*DATASET SECTION*.
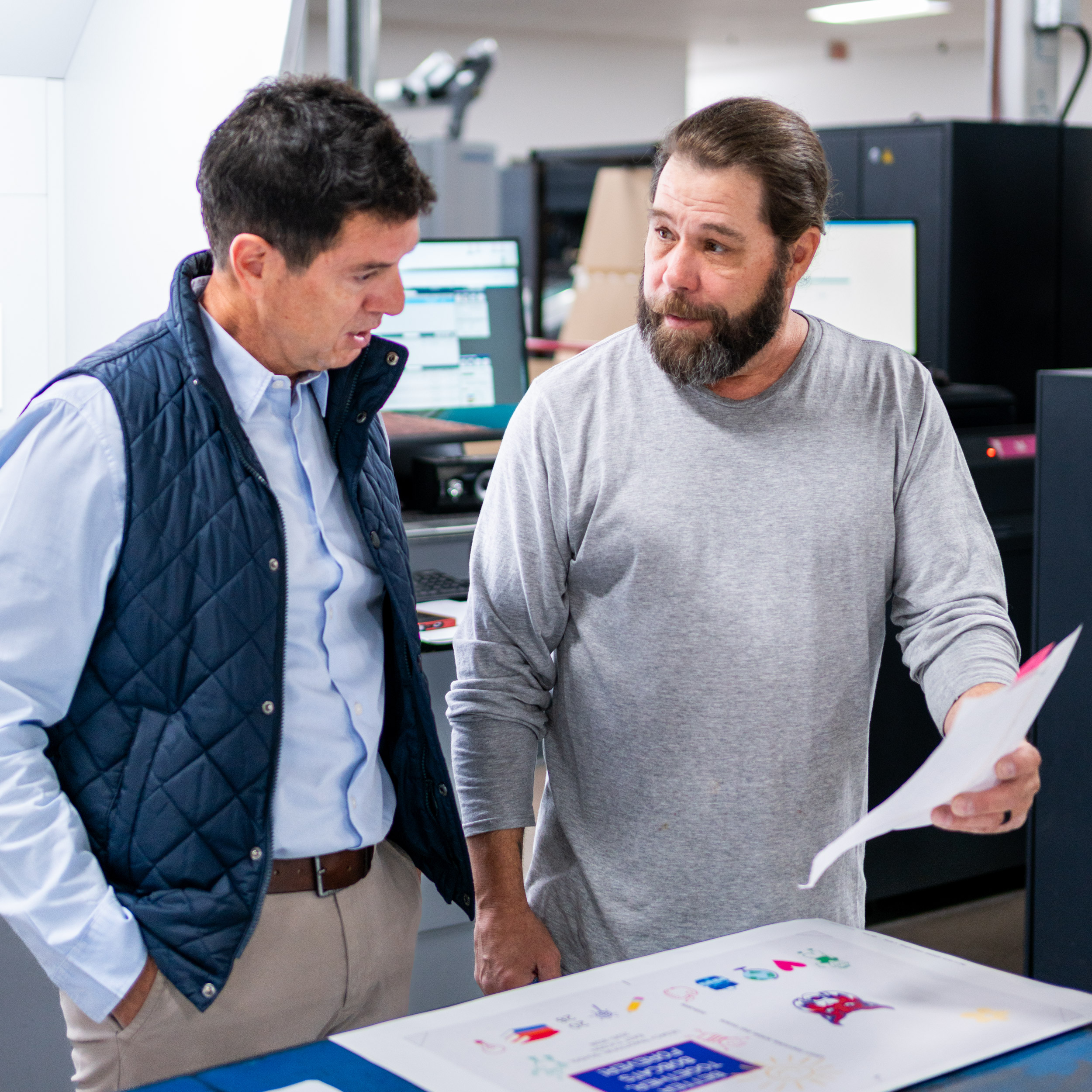 Simon meeting with a production employee square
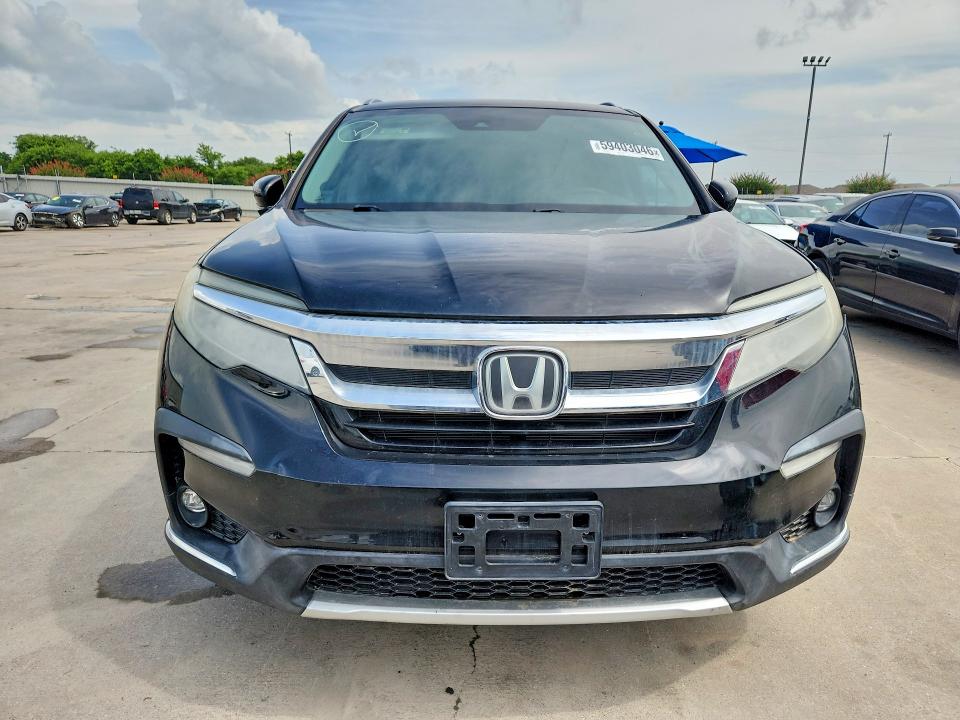 Photo 5 from auction – 2019 HONDA PILOT with VIN 5FNYF6H96KB019549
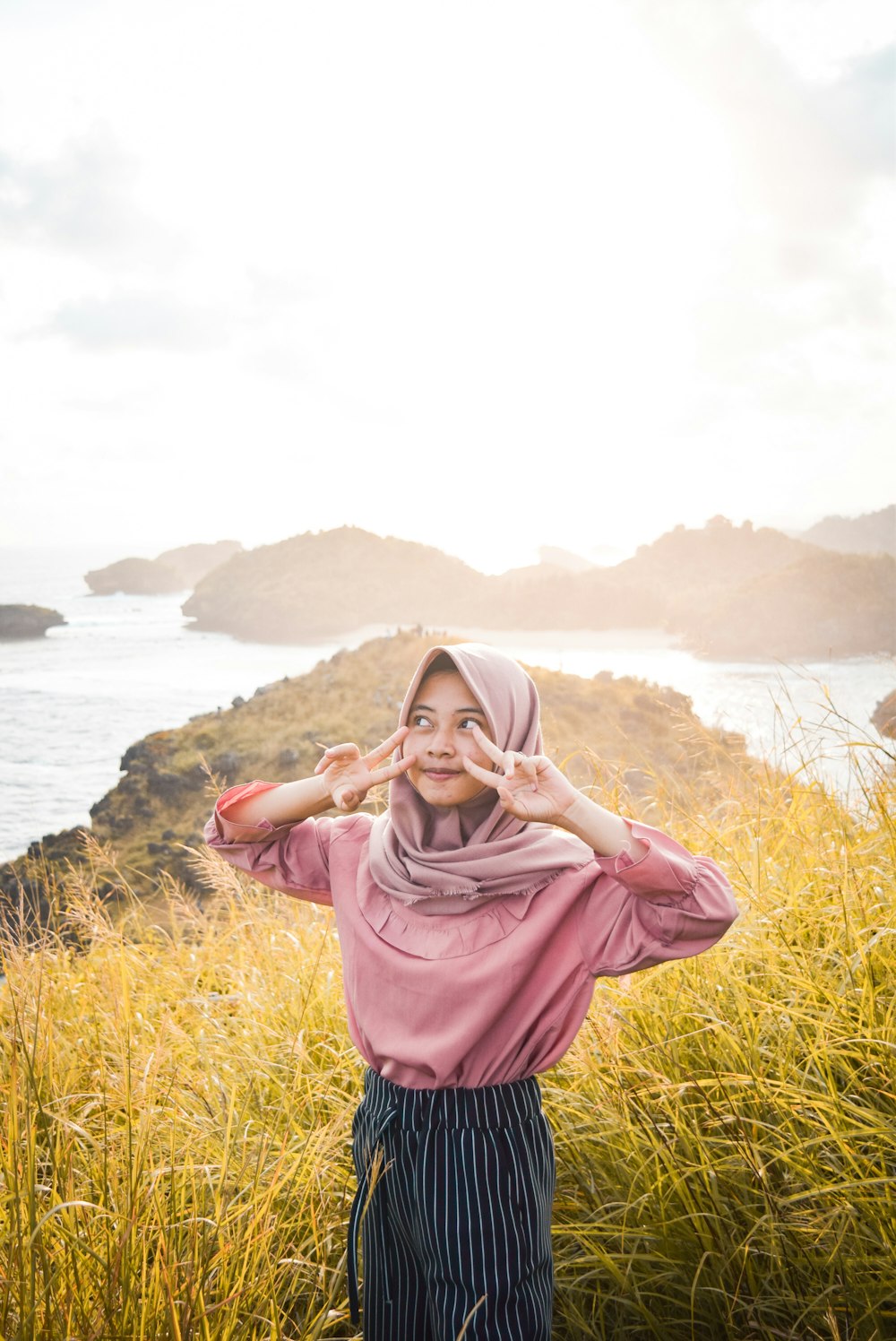 woman in pink hijab standing on green grass field near body of water during daytime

*DESCRIPTION OF THE TASK*. Please repeat each line above exactly as it appears, but omit the pictures.

*COMPLETED TASK*.
 Simon meeting with a production employee square
 Photo 5 from auction – 2019 HONDA PILOT with VIN 5FNYF6H96KB019549
 woman in pink hijab standing on green grass field near body of water during daytime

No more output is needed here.